Given records START

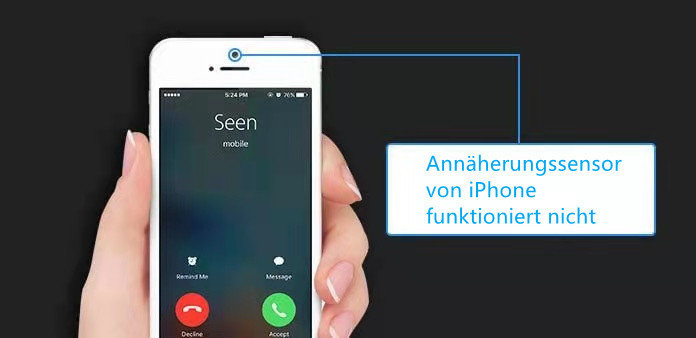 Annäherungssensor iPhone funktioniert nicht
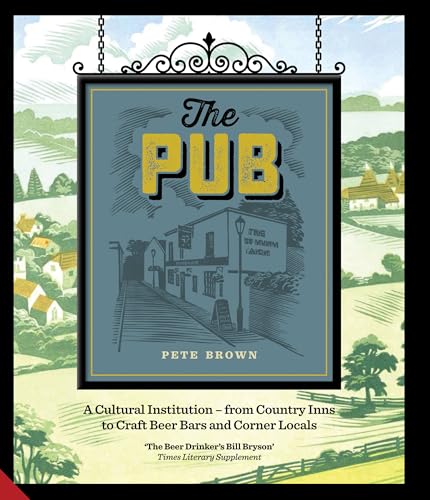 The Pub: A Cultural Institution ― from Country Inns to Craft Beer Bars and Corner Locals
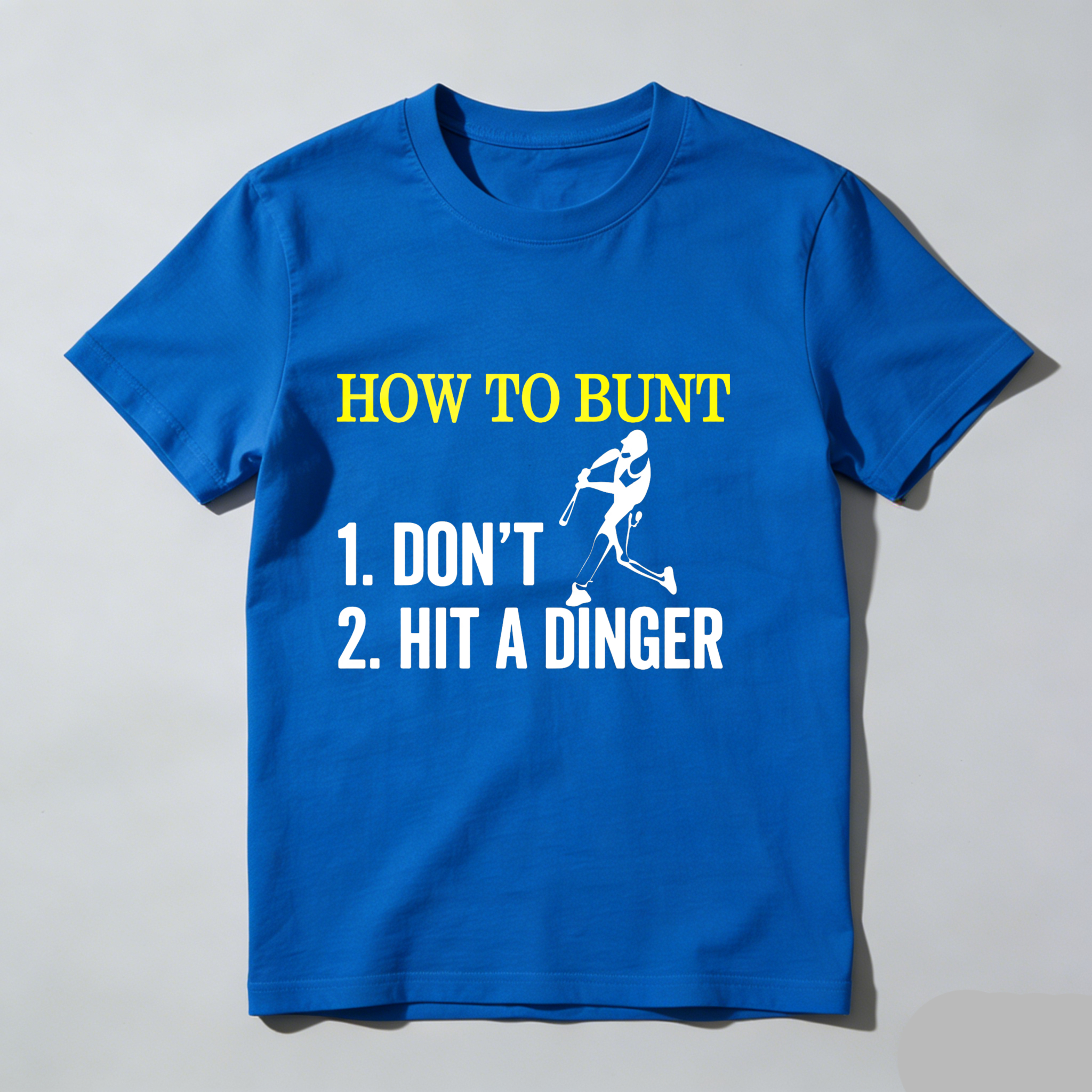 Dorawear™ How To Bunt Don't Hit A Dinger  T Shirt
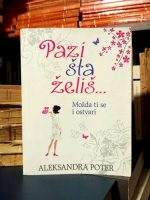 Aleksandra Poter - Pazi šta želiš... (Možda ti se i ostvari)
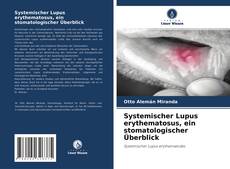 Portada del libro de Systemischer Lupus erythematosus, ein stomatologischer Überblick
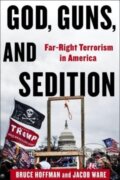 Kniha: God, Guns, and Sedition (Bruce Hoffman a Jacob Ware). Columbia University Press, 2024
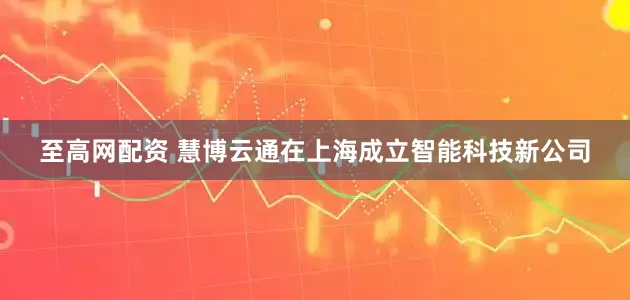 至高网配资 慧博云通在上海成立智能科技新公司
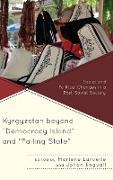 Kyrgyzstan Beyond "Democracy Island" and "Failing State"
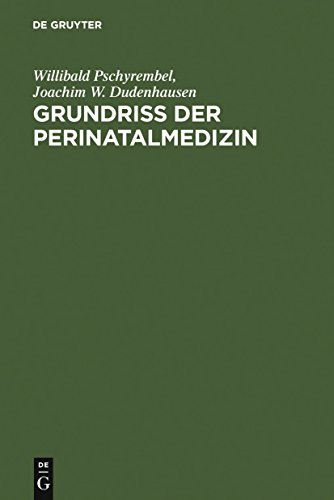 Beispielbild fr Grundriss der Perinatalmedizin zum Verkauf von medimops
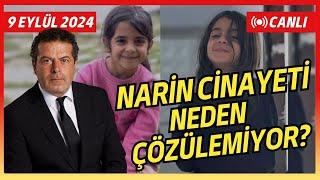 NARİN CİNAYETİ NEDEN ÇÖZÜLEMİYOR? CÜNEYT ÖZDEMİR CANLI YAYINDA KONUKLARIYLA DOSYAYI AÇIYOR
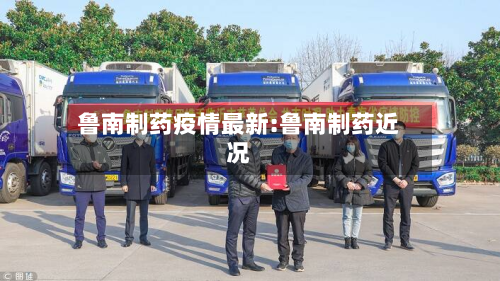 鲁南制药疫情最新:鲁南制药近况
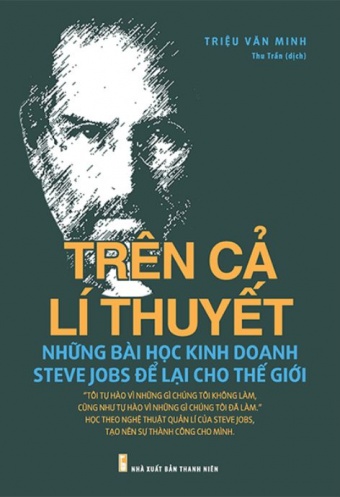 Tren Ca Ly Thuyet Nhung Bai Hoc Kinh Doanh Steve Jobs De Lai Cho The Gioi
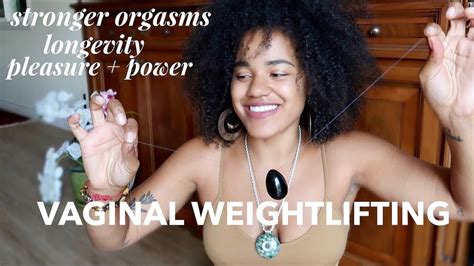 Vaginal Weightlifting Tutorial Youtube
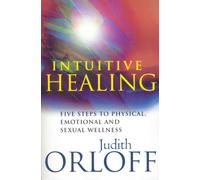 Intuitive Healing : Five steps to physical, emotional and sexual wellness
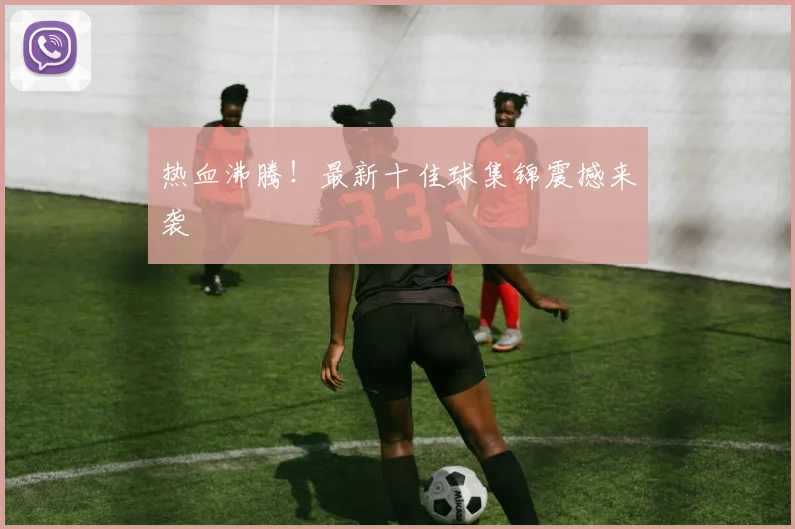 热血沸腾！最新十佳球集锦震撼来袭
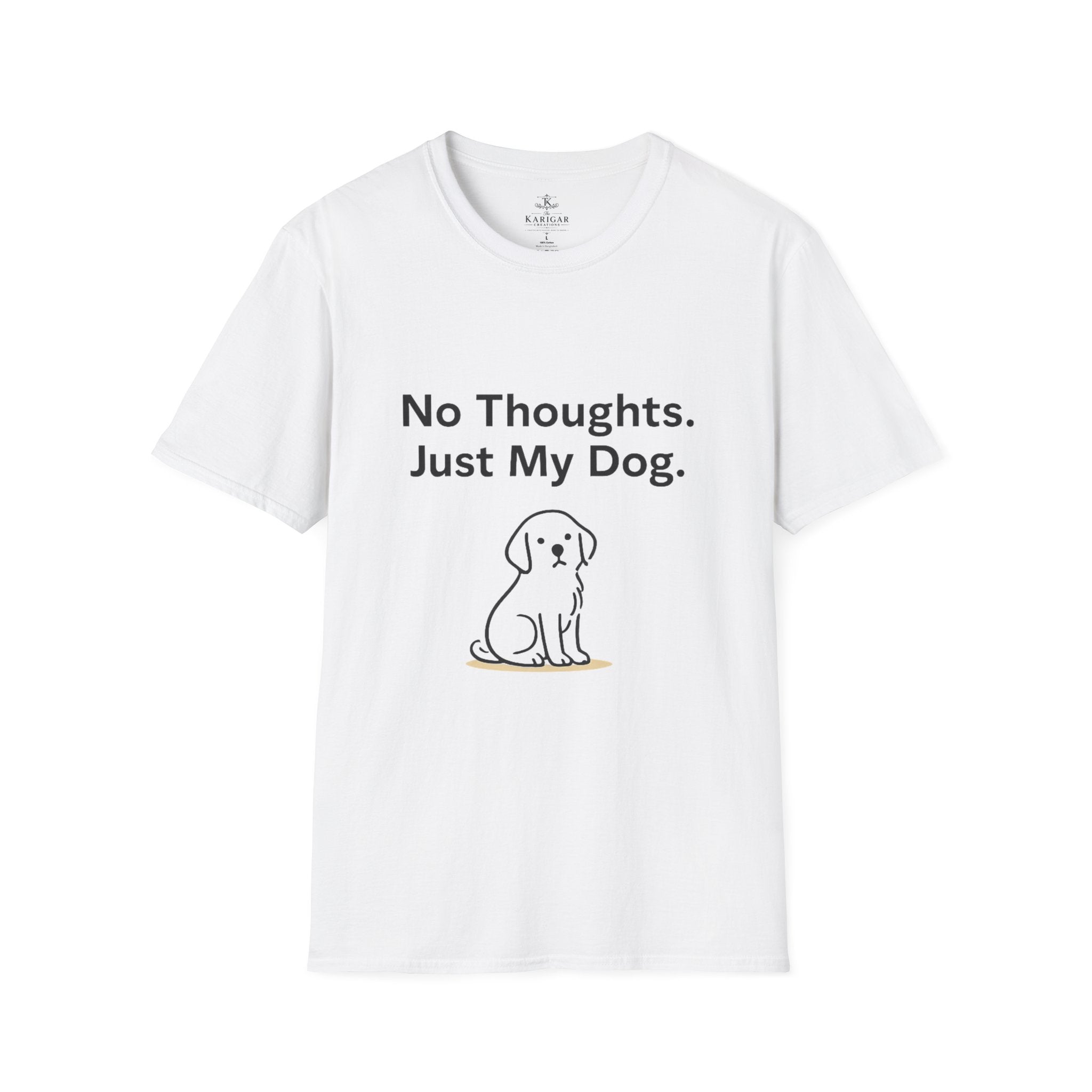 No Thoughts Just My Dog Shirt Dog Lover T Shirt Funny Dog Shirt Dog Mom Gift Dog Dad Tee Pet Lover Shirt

Given records END

* _Activity_
Your output should consist solely of the lines from the line containing "Aleksandra Poter - Pazi" through the end of the data above, copied exactly, with images removed.

* _Written solution_
 Aleksandra Poter - Pazi šta želiš... (Možda ti se i ostvari)
 Portada del libro de Systemischer Lupus erythematosus, ein stomatologischer Überblick
 Kniha: God, Guns, and Sedition (Bruce Hoffman a Jacob Ware). Columbia University Press, 2024
 至高网配资 慧博云通在上海成立智能科技新公司
 Kyrgyzstan Beyond "Democracy Island" and "Failing State"
 Beispielbild fr Grundriss der Perinatalmedizin zum Verkauf von medimops
 NARİN CİNAYETİ NEDEN ÇÖZÜLEMİYOR? CÜNEYT ÖZDEMİR CANLI YAYINDA KONUKLARIYLA DOSYAYI AÇIYOR
 鲁南制药疫情最新:鲁南制药近况
 Tren Ca Ly Thuyet Nhung Bai Hoc Kinh Doanh Steve Jobs De Lai Cho The Gioi
 Vaginal Weightlifting Tutorial Youtube
 Intuitive Healing : Five steps to physical, emotional and sexual wellness
 热血沸腾！最新十佳球集锦震撼来袭
 No Thoughts Just My Dog Shirt Dog Lover T Shirt Funny Dog Shirt Dog Mom Gift Dog Dad Tee Pet Lover Shirt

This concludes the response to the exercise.